The remaining field, 'data_purpose_id' is worthy of a little more detailed discussion. Let's say the same data-set needs to be provided to multiple 3rd parties, for different purposes. It makes sense to mask each copy of the data differently, with different unique IDs for the same original IDs. This can help prevent the risk of any potential future correlation of records between unrelated parties or consumers. Essentially when a mapping record is created, in addition to providing the original ID, a data purpose 'label' must be provided. A unique substitute ID is generated for a given source identity, per data use/purpose. For one specific data consumer purpose, the same substituted unique ID will be re-used for the same reoccurring original ID, However, a different substituted unique ID will be generated and used for an original ID when the purpose and consumer requesting a masked data-set is different.

To populate the masked_id_mappings collection, an aggregation pipeline (called 'maskedIdGeneratprPipeline') is run against each source collection (e.g. against both the 'persons' collection and the 'tests' collection). This aggregation pipeline implements he idempotent masked-id generator pattern. Essentially, this pattern involves taking each source collection, picking out the original unique id and then placing a record of this, with a newly generated UUID it is mapped to (plus the other metadata such as data_purpose_id, date_generated, date_expired), into the masked_id_mappings collection. The approach is idempotent in that the creation of each new mapping record is only fulfilled if a mapping doesn't already exist for the combination of the original unique id and data purpose. When further collections in the data-set are run through the same aggregation pipeline, if some records from these other collections have the same original id and data purpose as one of the records that already exists in the masked_id_mappings collection, a new record with a new UUID will not be inserted. This ensures that, per data purpose, the same original unique id is always mapped to the same substitute UUID, regardless of how often it appears in various collections. This idempotent masked-id generator process is illustrated in the diagram below. 

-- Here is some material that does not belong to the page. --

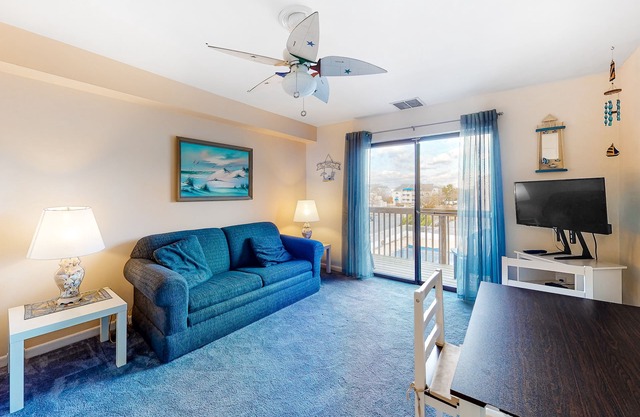 Two-level condo with balcony, AC, pool & dock - blocks to beach/Northside Park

The same aggregation pipeline is run multiple times, once against each source collection which belongs to the source data-set. Even if the source data-set is ever added to in the future, the aggregation can be re-run against the same data-sets, over and over again, without any duplicates or other negative consequences, and with only the additions being acted upon. The pipeline is so generic that it can also be run against other previously unseen collections which have completely different shapes but where each contains an original unique ID in one of its field.

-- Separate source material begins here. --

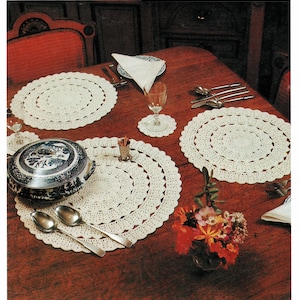 Pretty Crochet Place Mat, Coaster, Doiley or Table Center, Vintage Crochet Pattern, PDF, Digital Download - B387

2. Creation of the Reversible Masked Data-Set

Once the mappings have been generated for a source data-set, it is time to actually generate a new masked set of records from the original data-set. Again, this is achieved by running an aggregation pipeline, once per different source collection in the source data-set. The diagram below illustrates how this process works. The aggregation pipeline takes the original ID fields from the source collection, then performs a lookup on the mappings collection (including the specific data purpose) to grab the previously generated substitute unique ID. The pipeline then replaces the original IDs with the substitute IDs, in the outputted data masked collection

The remaining part of the aggregation pipeline is less generic and must contain rules distinct to the source data-set it operations on. The latter part of the pipeline contains specific data masking actions to apply to specific sensitive fields in the specific data-set.

The generated masked data-set collections can then be exported ready to be shipped to the consuming business unit or 3rd party organisation, who can then import the masked data-set into their own local database infrastructure, ready to perform their own analysis on.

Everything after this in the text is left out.